Ketika keran gula impor dibuka, muncul masalah besar: gula impor ternyata lebih murah dari gula lokal. Menghadapi kondisi ini, proteksi diberikan pemerintah untuk melindungi produsen gula dalam negeri. Caranya dengan menetapkan pajak bea masuk untuk gula asal impor. Saat ini, untuk satu kilogram gula dikenakan tarif bea masuk Rp 900. Proteksi yang lain, dengan menunjuk importir khusus. Pada zaman Soeharto, ada 800 importir, zaman Habibie ada 1.000 importir, dipangkas menjadi 180 importir pada masa Abdurrahman Wahid, dan kini hanya tinggal 5 importir yang ditunjuk pemerintah Megawati untuk mendatangkan gula luar negeri.
Di luar lima pemain itu, tak boleh ada yang mendatangkan gula dari mancanegara. Lima pemain ini juga hanya mempunyai izin yang masa berlakunya terbatas. Yang terakhir ini, masa berlaku izin impornya habis pada 30 April 2004. Jadi, semua gula yang masuk setelah tanggal itu dinyatakan ilegal, haram.
Aturan kadang hanya "macan kertas". Di Tanjung Priok dan sejumlah gudang di Jakarta, ditemukan 56 ribu ton gula yang entah milik siapa (baca Investigasi: Gula Haram, Siapa Untung?). Asosiasi Petani Tebu Rakyat melapor ke Markas Besar Kepolisian RI, tapi sejauh ini tak ada yang mengaku sebagai pemilik gula bernilai bilangan triliun rupiah itu.

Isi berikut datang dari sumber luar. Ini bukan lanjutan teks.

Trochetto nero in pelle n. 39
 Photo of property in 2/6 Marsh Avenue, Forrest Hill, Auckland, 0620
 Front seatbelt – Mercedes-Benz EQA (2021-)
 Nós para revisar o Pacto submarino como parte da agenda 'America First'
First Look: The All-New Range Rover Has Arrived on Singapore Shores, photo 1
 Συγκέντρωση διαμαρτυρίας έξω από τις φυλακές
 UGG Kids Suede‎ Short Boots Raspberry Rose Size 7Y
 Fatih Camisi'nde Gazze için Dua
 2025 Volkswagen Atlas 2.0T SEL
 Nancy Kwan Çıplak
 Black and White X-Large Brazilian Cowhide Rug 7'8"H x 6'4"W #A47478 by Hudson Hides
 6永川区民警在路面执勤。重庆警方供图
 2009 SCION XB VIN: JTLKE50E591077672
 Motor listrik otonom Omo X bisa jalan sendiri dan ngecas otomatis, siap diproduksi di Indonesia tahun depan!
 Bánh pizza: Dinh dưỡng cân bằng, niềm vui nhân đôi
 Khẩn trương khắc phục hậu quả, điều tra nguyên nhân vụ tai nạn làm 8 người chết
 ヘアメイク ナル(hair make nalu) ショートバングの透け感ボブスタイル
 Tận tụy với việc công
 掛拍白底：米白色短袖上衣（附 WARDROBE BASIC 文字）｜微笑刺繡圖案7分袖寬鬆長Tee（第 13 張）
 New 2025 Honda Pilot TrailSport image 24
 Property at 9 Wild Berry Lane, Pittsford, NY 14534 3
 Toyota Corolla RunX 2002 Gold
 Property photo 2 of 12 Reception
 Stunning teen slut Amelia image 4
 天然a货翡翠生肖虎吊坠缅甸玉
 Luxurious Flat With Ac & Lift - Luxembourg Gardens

Rabu pekan yang lalu, dalam sebuah jumpa wartawan, Induk Koperasi Unit Desa (Inkud), melalui pengacaranya, mengklaim gula bertimbun-timbun itu sebagai miliknya. Tapi esok harinya Ketua Umum Inkud Nurdin Khalid membantah gula itu milik Inkud. Induk koperasi itu bukanlah importir terdaftar. Jadi, jika lembaga tersebut mengaku sebagai pemilik, lalu dari siapa izin impor untuk mendatangkan gula itu didapat? Pihak PTPN X?salah satu importir terdaftar?yang diduga mendatangkan gula itu, ternyata menyangkal bahwa gula 56 ribu ton itu miliknya.
Kusut. Aneh. Gula sebanyak itu bisa mulus masuk gudang pada 24 Mei lalu (lewat batas waktu izin impor), tapi si pemilik adalah "jin" yang belum mau menampakkan diri. Kalau lima importir terdaftar tidak mengaku, pasti ada tangan lain yang mengimpor?karena tak mungkin sang gula mencarter kapal sendiri ke Tanjung Priok. Atau, jangan-jangan ada pihak lain yang diorder oleh importir terdaftar untuk menjalankan fungsi mengimpor itu, tentu dengan imbalan secukupnya. Kalau begitu, kerja importir hanya mirip calo bermodal kertas izin. Tanpa perlu kerja, duit pun datang. Model permainan "jual izin", jika itu yang terjadi di Tanjung Priok, sudah sering terdengar, tapi ada baiknya sekali ini dibongkar tuntas. Ini perlu untuk meyakinkan publik bahwa si pemegang kuasa atas keluarnya izin impor gula itu tidak ikut bermain.